[[ Data under study open ]]
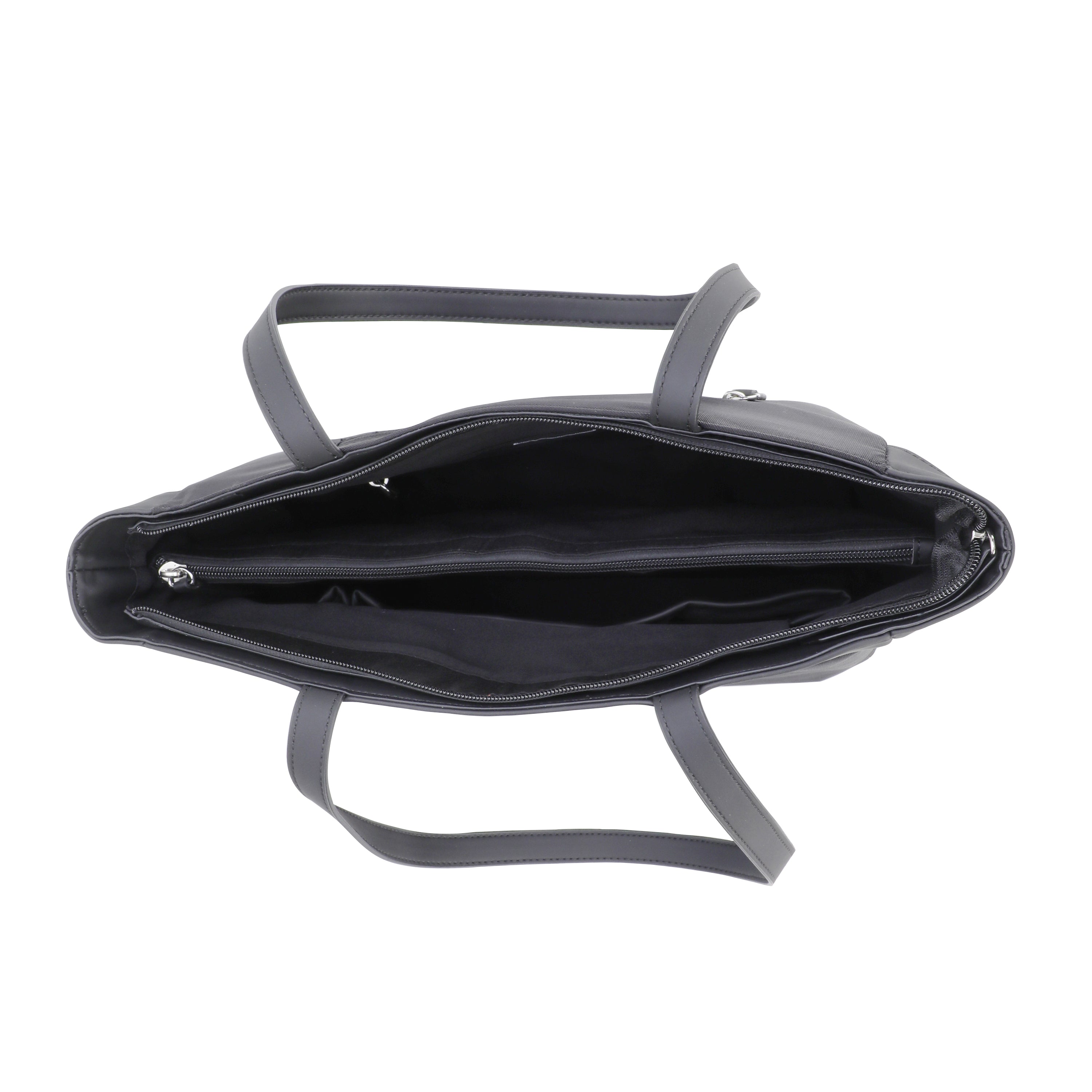 Gerry Weber-Gerry Weber - Damen Shopper Tranquility-Taschen-Black-Deal-Outlet-by-ARCHIVIST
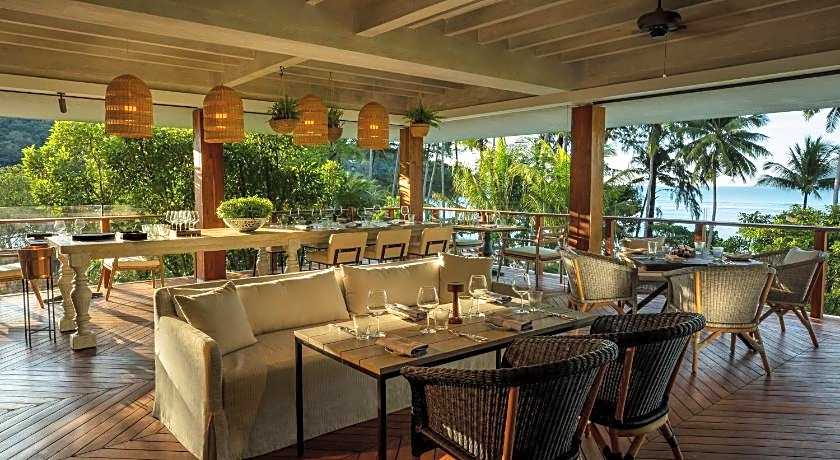 Rosewood Phuket (SHA Plus)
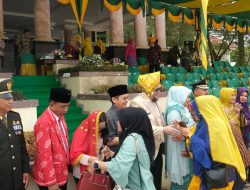 Semarak Peringatan HUT ke-23 Kabupaten Parigi Moutong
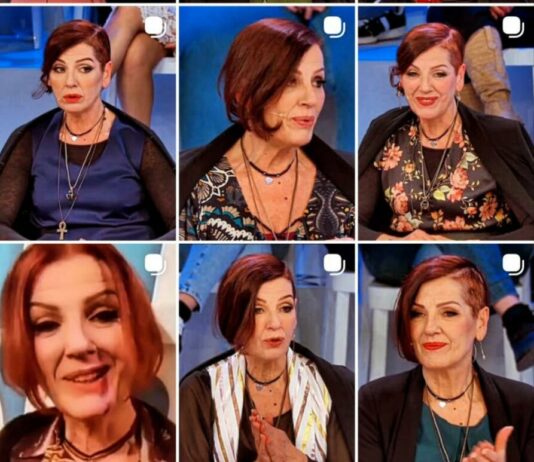 Chi è Tinì Cansino di Uomini e Donne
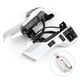 thumbnail image 3 of Interruptor De Control Del Volante, Interruptor De Control Del Volante Multifunción Audio Bluetooth 84250‑60180‑B0 Apto Para Toyota Land Cruiser Prado, 3 of 5
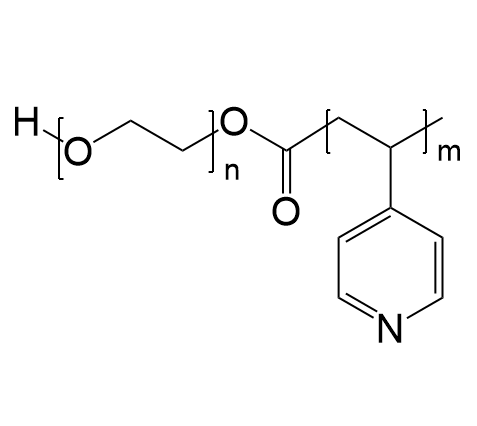 PEO-P4VP,聚氧化乙烯-聚 4-乙烯基吡啶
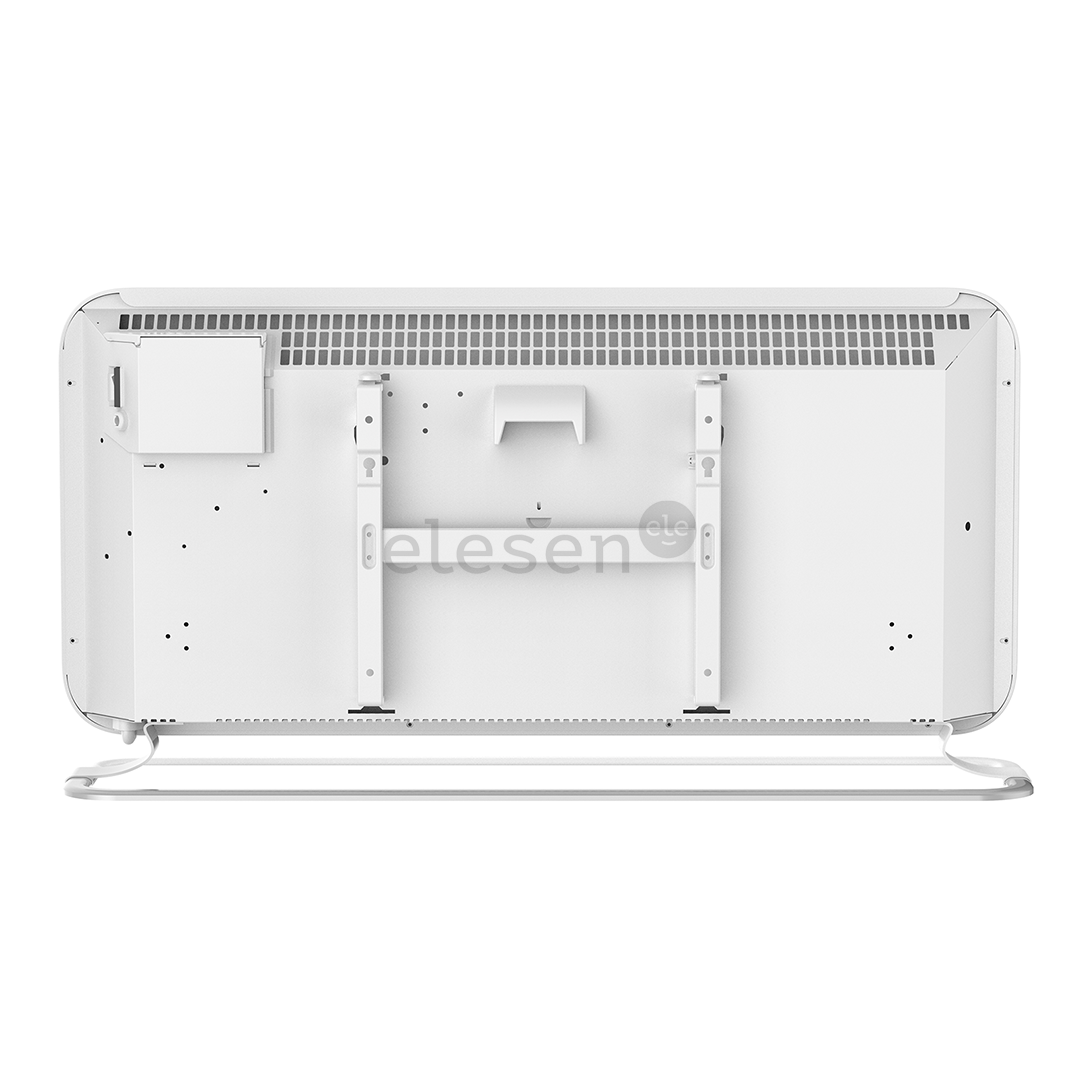 Mill Gen 4, Wi-Fi, 1500 Вт, белый - Электрический радиатор c подставкой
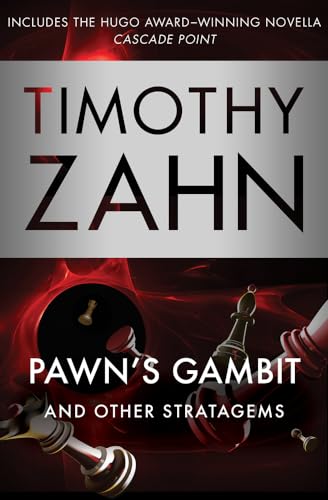 Imagen de archivo de Pawn's Gambit: And Other Stratagems a la venta por HPB-Diamond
[[ Data under study closed ]]
### What the exercise asks
What's needed is every record restated exactly, pictures excluded.

### Answer area
 Gerry Weber-Gerry Weber - Damen Shopper Tranquility-Taschen-Black-Deal-Outlet-by-ARCHIVIST
 Rosewood Phuket (SHA Plus)
 Semarak Peringatan HUT ke-23 Kabupaten Parigi Moutong
 Chi è Tinì Cansino di Uomini e Donne
 thumbnail image 3 of Interruptor De Control Del Volante, Interruptor De Control Del Volante Multifunción Audio Bluetooth 84250‑60180‑B0 Apto Para Toyota Land Cruiser Prado, 3 of 5
 PEO-P4VP,聚氧化乙烯-聚 4-乙烯基吡啶
 Mill Gen 4, Wi-Fi, 1500 Вт, белый - Электрический радиатор c подставкой
 Imagen de archivo de Pawn's Gambit: And Other Stratagems a la venta por HPB-Diamond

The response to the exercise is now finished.